- Developer: From Software
- Publisher: Banpresto
- Director: Tomohiro Shibuya
- Designer: Yui Tanimura
- Programmer: Yoshitaka Suzuki
- Writers: Kazuki Yamanobe Yasuyuki Mochida
- Platform: PlayStation 2
- Release: JP: March 30, 2006;
- Genre: Action
- Modes: Single-player, multiplayer

= Another Century's Episode 2 =

2006 video game

Another Century's Episode 2 (アナザーセンチュリーズエピソード 2, Anazā Senchurīzu Episōdo Tsu), abbreviated as A.C.E. 2, is a third-person mecha action video game produced by Banpresto and developed by From Software. It is the sequel to the popular 2005 game Another Century's Episode. It was released for the PlayStation 2 on March 30, 2006.
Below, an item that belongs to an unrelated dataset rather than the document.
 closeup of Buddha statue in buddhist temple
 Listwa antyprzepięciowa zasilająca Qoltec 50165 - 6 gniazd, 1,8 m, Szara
On November 29, 2007, Banpresto released A.C.E. 2 Special Vocal Edition as a follow-up to the heels of A.C.E. 2s sequel, Another Century's Episode 3: The Final. This version includes vocal theme songs for each of the featured animated series in the game.

==Plot==
A.C.E.2 is not a direct sequel to its predecessor, as it involves its own original plot, as well as covering events that already happened in A.C.E., albeit differently. This is not an unusual occurrence, as Banpresto has done this with most entries in the Super Robot Wars franchise; most of the games in that series are not connected by an established continuity (exceptions include the Super Robot Wars Alpha games and the titles in the Super Robot Wars classic timeline), with remakes or updates abounding.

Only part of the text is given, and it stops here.